When you repeat the material, keep each line exact and omit the pictures.

Dataset section
● ● ● ●
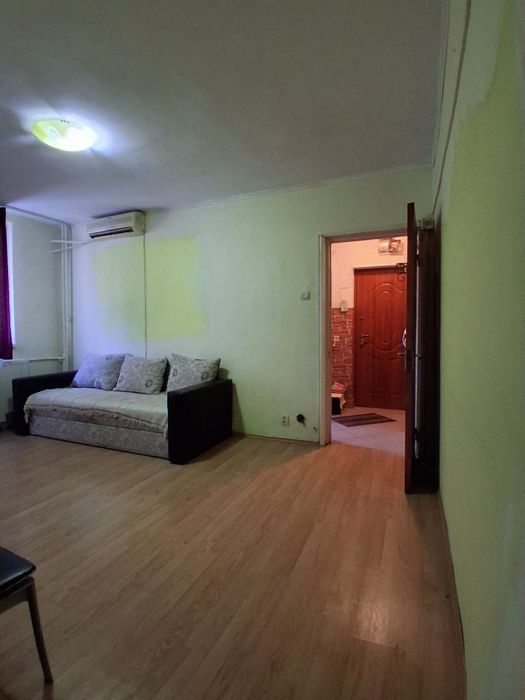 Apartament 4 camere la parter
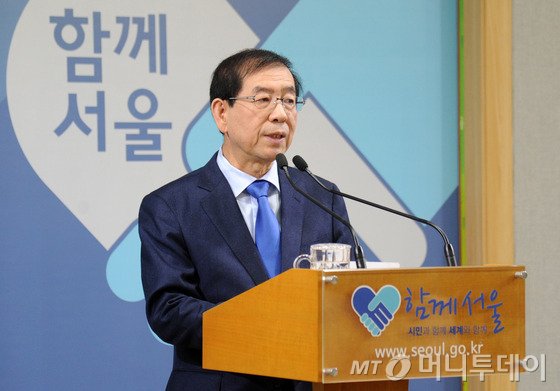 박원순 서울시장이 10일 서울시청 브리핑룸에서 서울시의 청년정책과 관련한 입장을 발표하고 있다. 이날 박 시장은 정부 여당의 비판에 직면한 청년수당과 관련해 정부와 여야, 지방정부가 모두 참여하는 사회적 논의기구를 만들자고 제안했다. (서울시 제공) 2015.12.10/뉴스1  <저작권자 © 뉴스1코리아, 무단전재 및 재배포 금지>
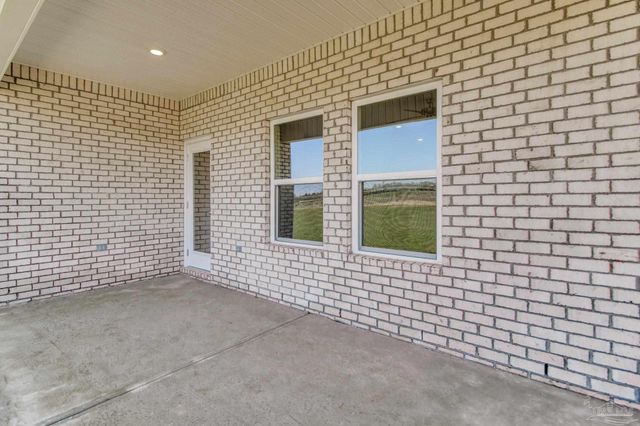 4691 Eider Rd, Pace, FL 32571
● ● ● ●
Task answer
 Apartament 4 camere la parter
 박원순 서울시장이 10일 서울시청 브리핑룸에서 서울시의 청년정책과 관련한 입장을 발표하고 있다. 이날 박 시장은 정부 여당의 비판에 직면한 청년수당과 관련해 정부와 여야, 지방정부가 모두 참여하는 사회적 논의기구를 만들자고 제안했다. (서울시 제공) 2015.12.10/뉴스1  <저작권자 © 뉴스1코리아, 무단전재 및 재배포 금지>
 4691 Eider Rd, Pace, FL 32571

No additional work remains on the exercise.